Nothing but the lines from the one holding "Room image 10" to the final line of the listing below, both included, should be repeated, and each must match exactly. Omit pictures.

* * * *

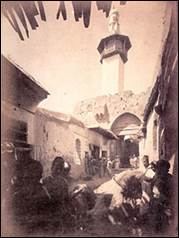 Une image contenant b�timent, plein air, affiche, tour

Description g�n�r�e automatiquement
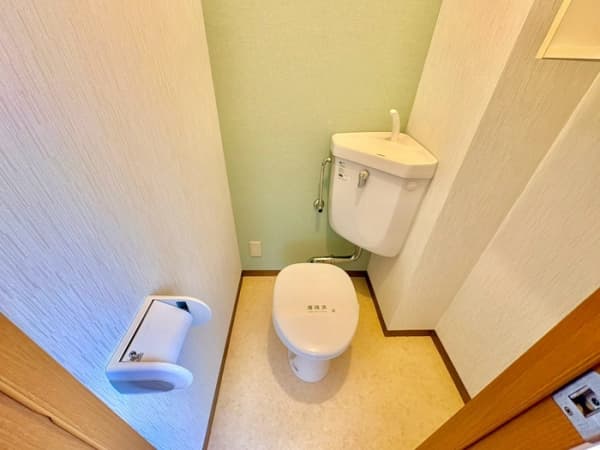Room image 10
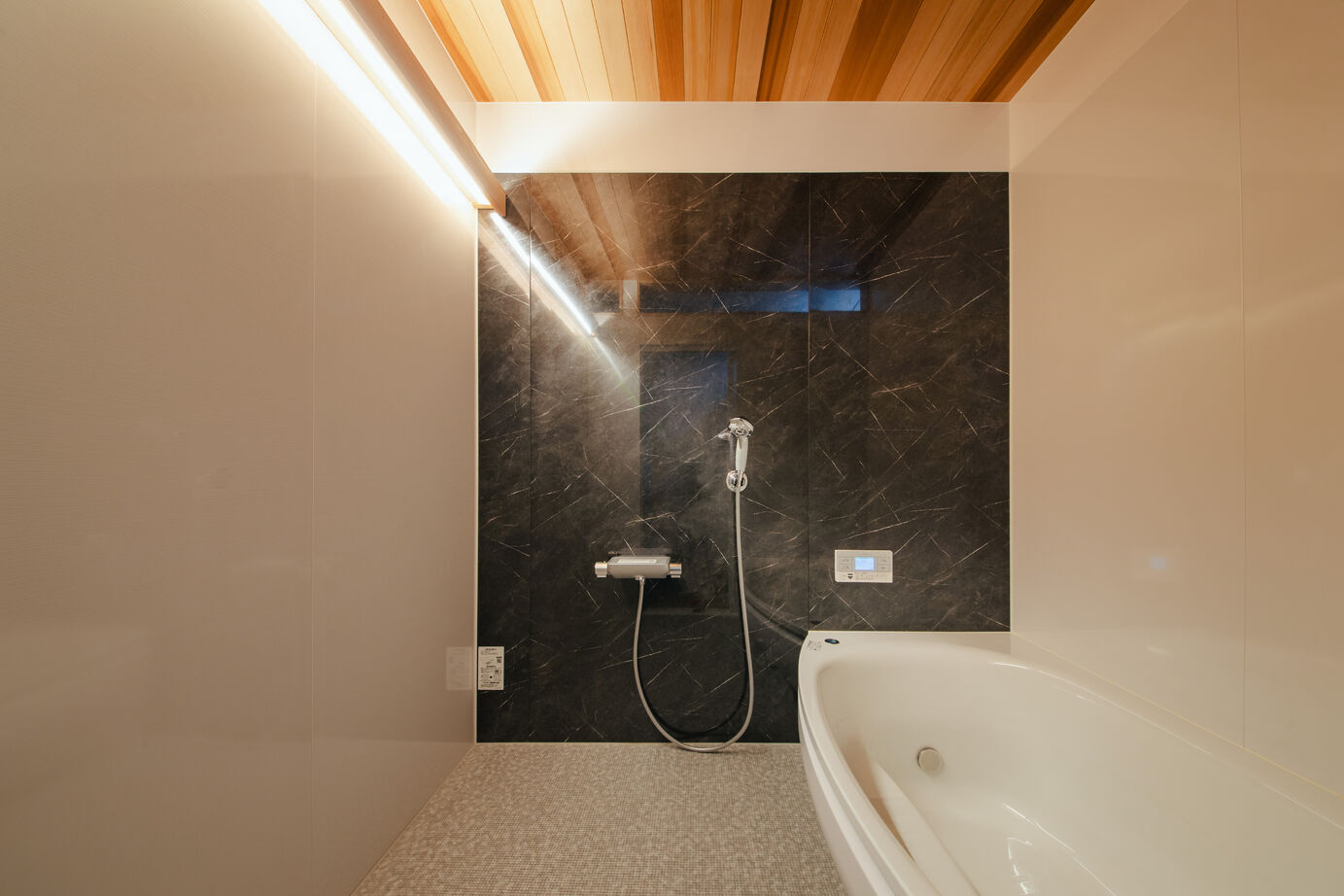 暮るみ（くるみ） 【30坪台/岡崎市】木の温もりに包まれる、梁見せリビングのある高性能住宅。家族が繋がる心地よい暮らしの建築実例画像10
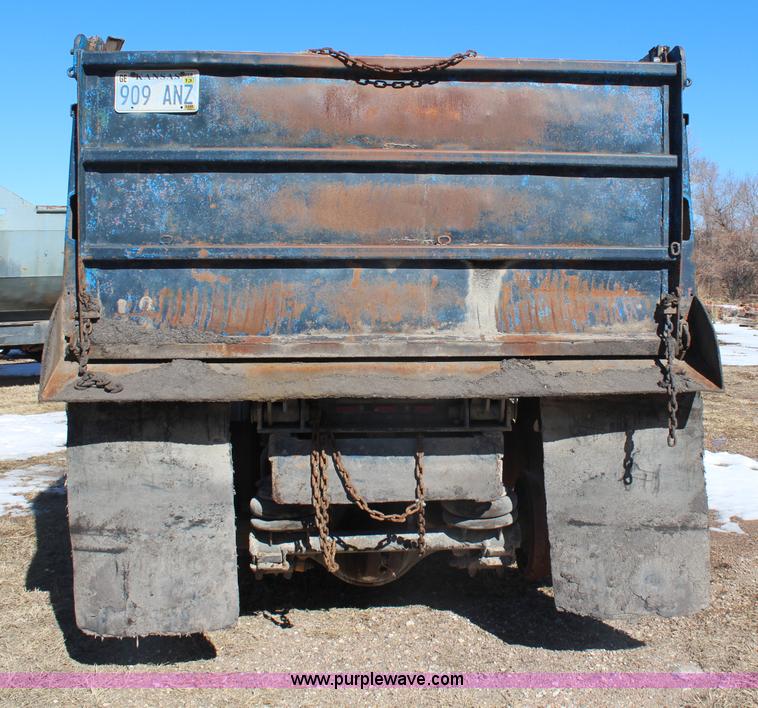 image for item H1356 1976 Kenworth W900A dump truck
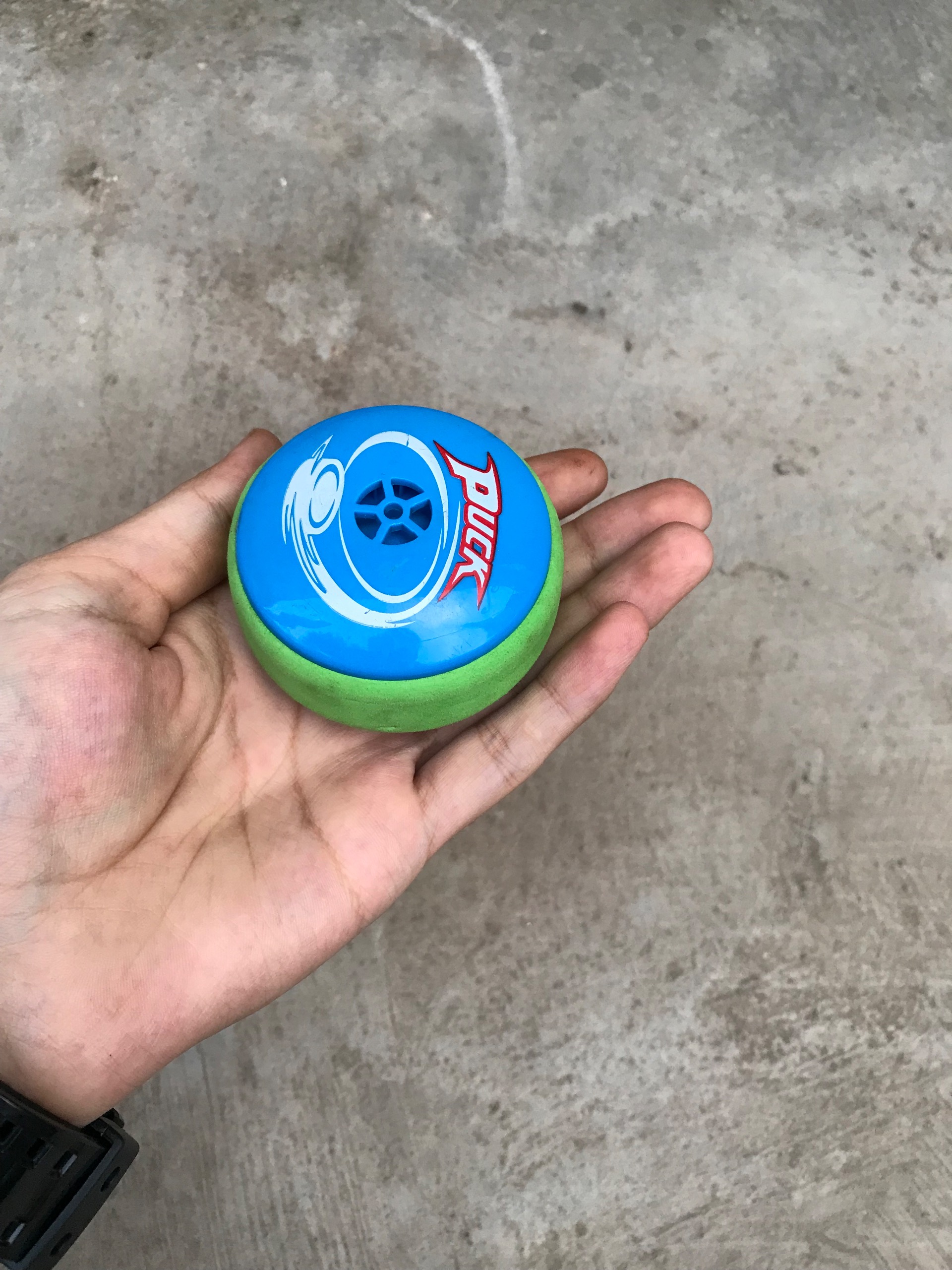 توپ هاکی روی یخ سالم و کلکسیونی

* * * *

• [SOLUTION]:
Room image 10
 暮るみ（くるみ） 【30坪台/岡崎市】木の温もりに包まれる、梁見せリビングのある高性能住宅。家族が繋がる心地よい暮らしの建築実例画像10
 image for item H1356 1976 Kenworth W900A dump truck
 توپ هاکی روی یخ سالم و کلکسیونی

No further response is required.